My second book is out! This one is about diplomatic interpreting, how it is practised, and why I believe it should be a field of interpreting in its own right – just like conference, court, and community/PSI.

The road to publishing it has been long and fascinating, involving going down several paths at the same time, one for each of my goals for this project: to share my insights about the work of diplomatic interpreters; to help further my business; and to contribute to our professional community.

I started noting the differences between my diplomatic and my conference work right after my first diplomatic mission in London and spent the following years observing, analysing, and systematising how I worked in diplomatic settings: how I prepared for each job, what needs my clients had, what skills I was putting to use, how I made decisions, how the different settings affected my role as interpreter, and even what I put in my handbag.

Eventually, I started drawing conclusions I had not been taught about in translation and interpreting school –and I did have a more-than-thorough education! So, armed with a lot of courage and a little bit of adventurous spirit, I presented my ideas at the 2019 ITI Conference in Sheffield hoping to get feedback from colleagues and verify whether my initial conclusions made sense.

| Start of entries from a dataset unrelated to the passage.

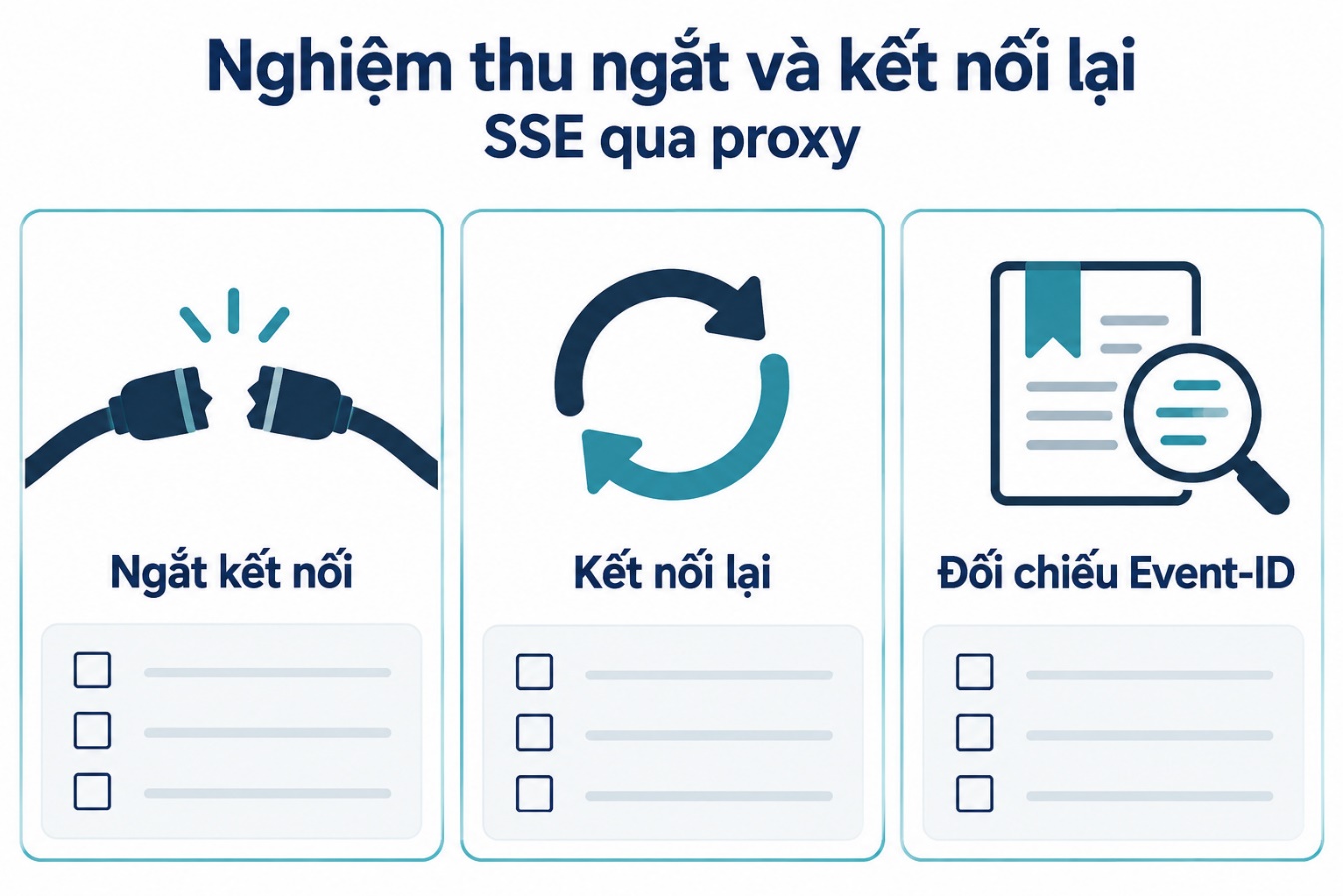 Nghiệm thu ngắt và kết nối lại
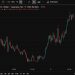 ForexLive Asia-Pacific FX news wrap: RBNZ hold/China CPI up/USD gain on Trump tariff tease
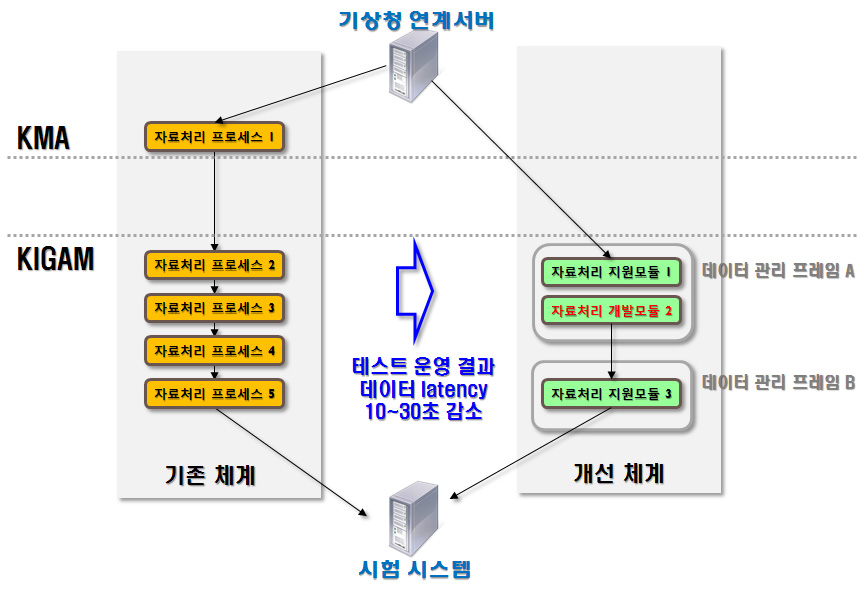 그림 3.3.39. 최신 지진자료통합체계 성능 비교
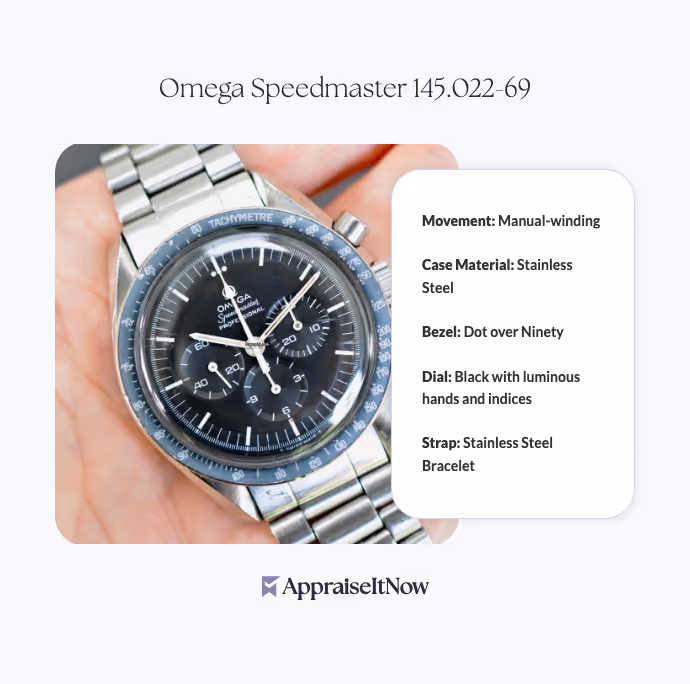 Facts of an Omega Speedmaster 145.022-69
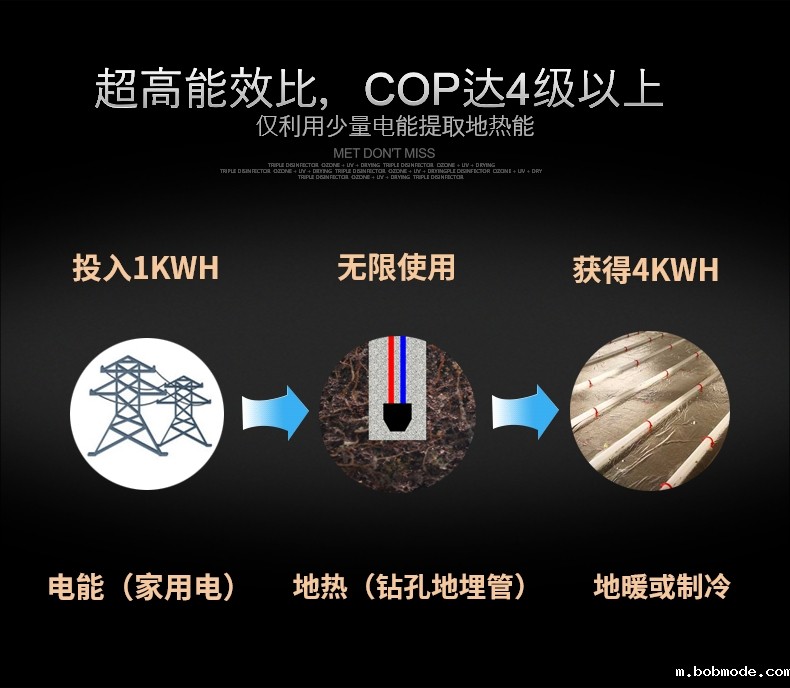 地热能取暖，别墅地源热泵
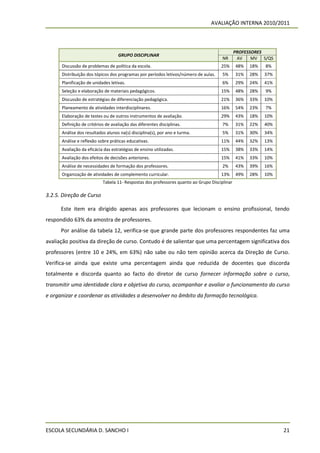 AVALIAÇÃO INTERNA 2010/2011



                                                                                              PROFESSORES
                                   GRUPO DISCIPLINAR
                                                                                      NR       AV    MV S/QS
      Discussão de problemas de política da escola.                                  25%      48%   18%   8%
      Distribuição dos tópicos dos programas por períodos letivos/número de aulas.    5%      31%   28%   37%
      Planificação de unidades letivas.                                               6%      29%   24%   41%
      Seleção e elaboração de materiais pedagógicos.                                 15%      48%   28%   9%
      Discussão de estratégias de diferenciação pedagógica.                          21%      36%   33%   10%
      Planeamento de atividades interdisciplinares.                                  16%      54%   23%   7%
      Elaboração de testes ou de outros instrumentos de avaliação.                   29%      43%   18%   10%
      Definição de critérios de avaliação das diferentes disciplinas.                 7%      31%   22%   40%
      Análise dos resultados alunos na(s) disciplina(s), por ano e turma.             5%      31%   30%   34%
      Análise e reflexão sobre práticas educativas.                                  11%      44%   32%   13%
      Avaliação da eficácia das estratégias de ensino utilizadas.                    15%      38%   33%   14%
      Avaliação dos efeitos de decisões anteriores.                                  15%      41%   33%   10%
      Análise de necessidades de formação dos professores.                            2%      43%   39%   16%
      Organização de atividades de complemento curricular.                           13%      49%   28%   10%
                           Tabela 11- Respostas dos professores quanto ao Grupo Disciplinar

3.2.5. Direção de Curso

It turns out they did!

Back from Sheffield, I spent the next couple of years researching, refining my concepts, and developing what I came to call the ‘Diploterp™ Blueprint’, which covers the four key pillars of diplomatic interpreting work: our interpreting skills, our additional skills, our role, and our profile.

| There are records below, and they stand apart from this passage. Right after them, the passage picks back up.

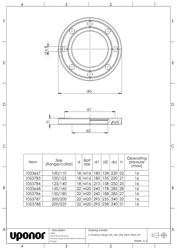 Mounting dimensions Pressure flange DN100-200 PN10/PN16 PP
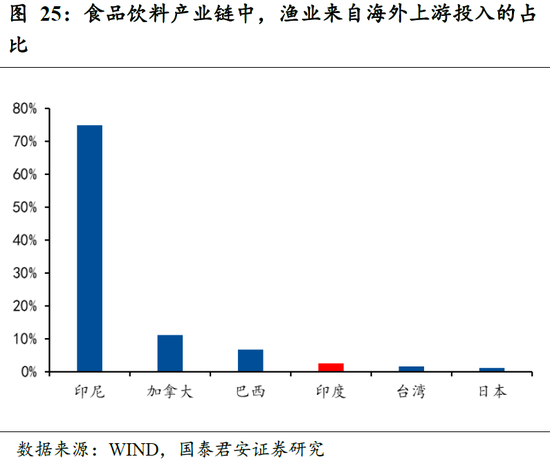 印度疫情最新确诊数据及其影响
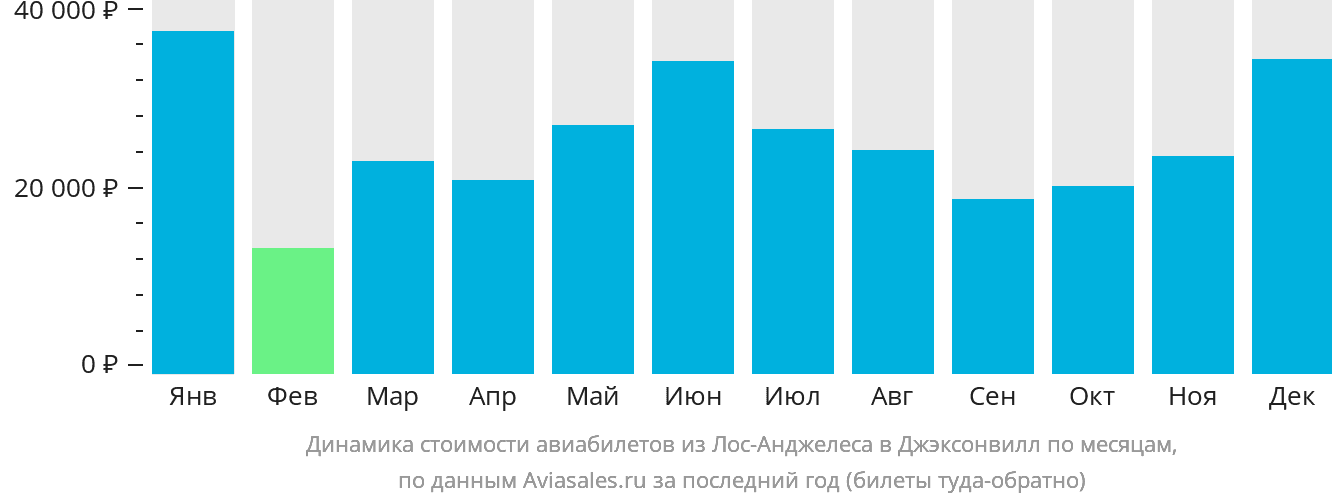 Динамика стоимости авиабилетов из Лос-Анджелеса в Джексонвилл по месяцам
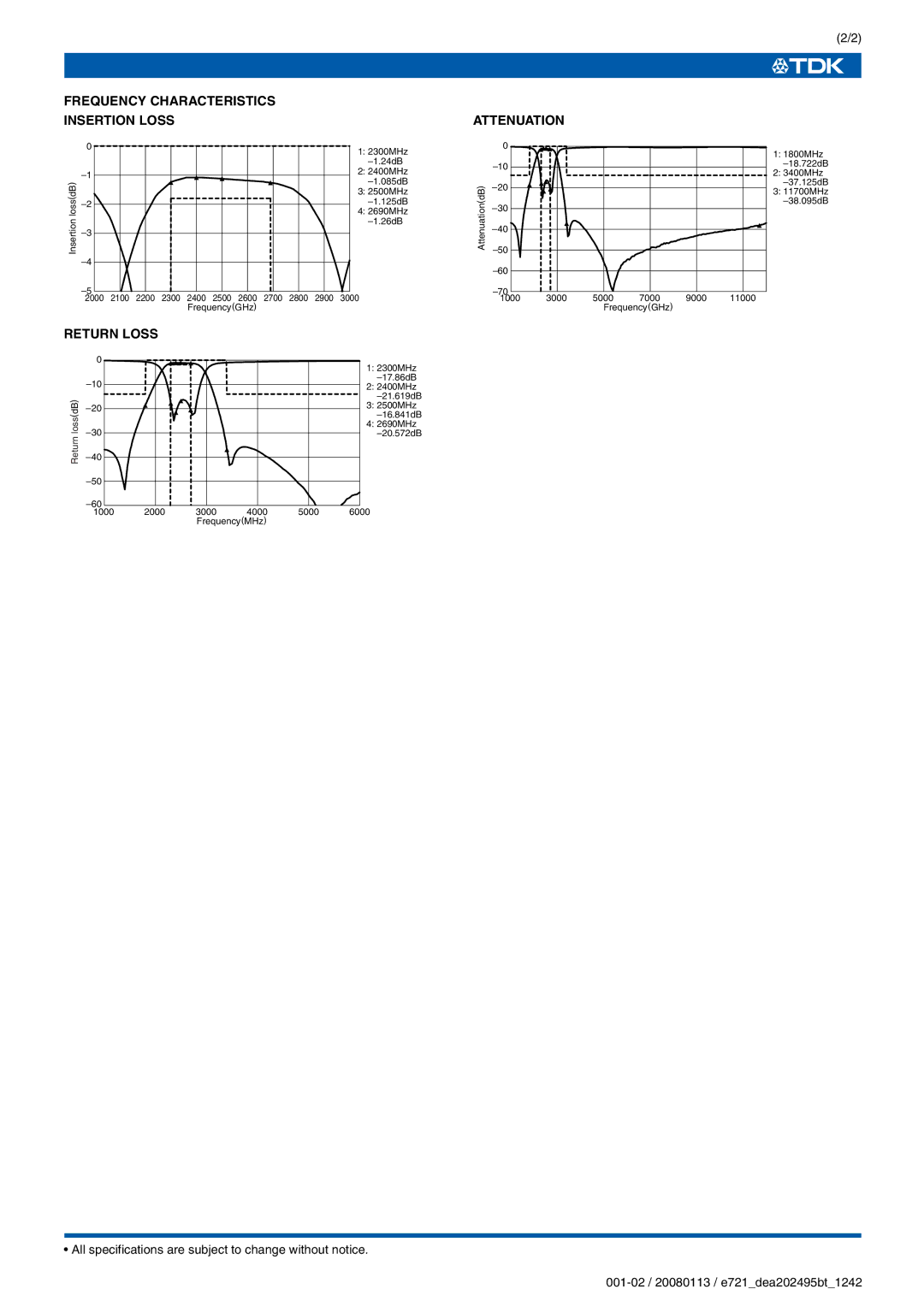 TDK DEA Series DEA202495BT-1242B2 specifications Frequency Characteristics Insertion Loss, Return Loss, Attenuation 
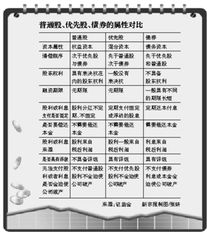 深圳四方精创资讯股份有限公司怎么样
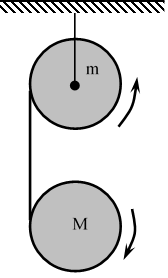 两个质量分别为和、半径同为匀质实心滑轮，用不可伸长轻绳缠绕在滑轮的外侧，定滑轮可无摩擦的转动。将系统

I then sat down and faced the dreaded blank page. What an insightful yet challenging experience! I managed to put together what I think is a very interesting and practical book about how diplomatic interpreting is practised in the 21st century within the new paradigm of network diplomacy. I called it WELCOME!

I did not want WELCOME! to be a theoretical text. I wanted it to be practical, actionable, and more importantly useful. I wanted it to be more of a reference manual than an academic paper, so pouring my ideas into book format felt like the best way to achieve my first goal.

It seems I succeeded, as Tony Rosado, a diplomatic interpreter who has himself worked for the US State Department for decades, wrote in the prologue: “Readers of this work, a must in all college campuses, and in every interpreter’s personal library, will comprehend this unique specialty and its global implications as an indispensable element in all negotiations, dialogs, and debates that impact the human species and the health of the planet, such as trade, science, foreign aid, democracy, and yes: world peace.”

A book format also fit better with my own business plan – which, coincidentally, I discuss in detail in my first book JUMP!. So, goal two checked! As for my third goal, my hope is that WELCOME! serves as a catalyst both for the individual professional growth of interpreters around the world interested in this field but also for a larger debate involving interpreting schools, CPD programmes, professional associations, and clients seeking to hire interpreters for diplomatic settings.

Until now, diplomatic interpreting has existed under the radar. I believe it is time we get rid of the cloak and dagger, shed some light on the shroud of mystery surrounding it, and start looking it in the eye so we can get to know it better.

If WELCOME! manages to inspire colleagues and spark a long-overdue debate about diplomatic interpreting that results in it being recognised as and developed into a field of interpreting in its own right, then I will not only consider my third goal achieved but I will also happily and proudly put a tick next to making a significant contribution to the world of interpreting.

Writing a book is not a bad place to start.